2026 capital gains tax rates

Holding periodRateTaxed as
Under 1 year (short-term)10–37%Ordinary income — your marginal rate
Over 1 year (long-term, single filer)
  Income ≤ $48,3500%Zero federal capital gains tax
  Income $48,351–$533,40015%Standard long-term rate
  Income over $533,40020%High earner rate
Married filing jointly — 0% threshold0%Up to $96,700 taxable income

The 0% bracket: the most underused strategy in investing

If your taxable income (after deductions) is below $48,350 (single) or $96,700 (MFJ), you pay zero federal capital gains tax on long-term gains. This creates powerful strategies:

  • "Gain harvesting": Sell appreciated positions, realize gains tax-free, immediately repurchase. You reset your cost basis higher with no tax cost. Repeat annually while in the 0% bracket.
  • Early retirement planning: FIRE retirees often structure income to stay within the 0% LTCG bracket — living on $50,000–$90,000 with zero federal capital gains tax.
  • Low-income years: Job loss year, sabbatical, or grad school year — ideal time to sell appreciated positions.

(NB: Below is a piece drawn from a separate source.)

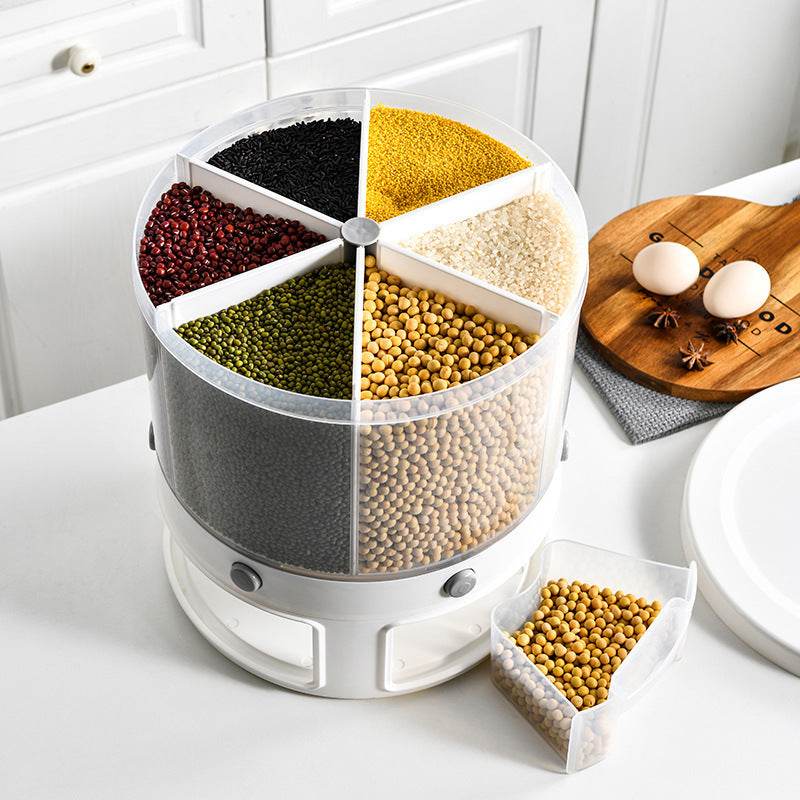 Eco-Friendly Rotary Grain Storage Box - Adjustable Food Container for Kitchen Organization - Pasha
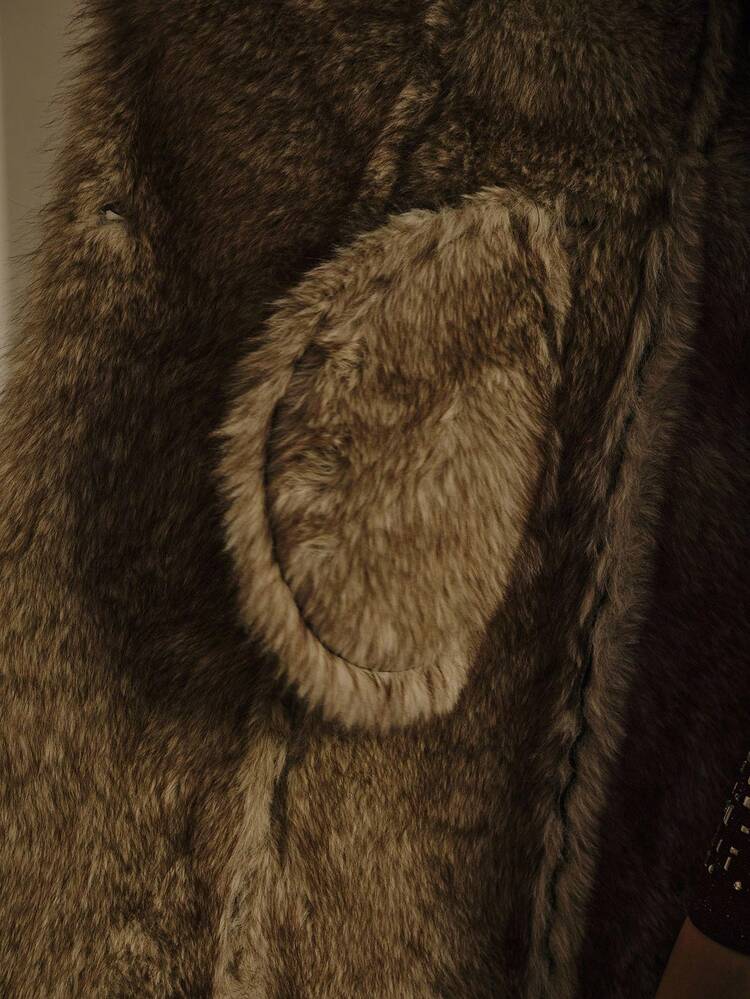 PU LEATHER FUZZY PANEL LAPEL COLLAR SINGLE BREASTED PLACKET BELTED COAT , FALL WINTER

Net Investment Income Tax (NIIT): the hidden 3.8%

High earners face an additional 3.8% NIIT on investment income (dividends, capital gains, rental income) above $200,000 (single) / $250,000 (MFJ). Effective capital gains rate at the top: 20% + 3.8% = 23.8%.

Tax-loss harvesting: the year-end strategy

Sell positions with unrealized losses before December 31. Losses offset gains dollar-for-dollar. Up to $3,000 of net losses can offset ordinary income annually. Unlimited carryforward for unused losses. Wash-sale rule: don't repurchase the same (or substantially identical) security within 30 days before/after the sale.

The one-year wait that saves thousands
Selling a $50,000 gain position at 11 months (short-term, 22% bracket) vs 13 months (long-term, 15% bracket): difference = $3,500 in taxes. For high earners at 37% vs 20%: $8,500 saved by waiting 2 extra months. Set calendar reminders for every significant position's 1-year anniversary.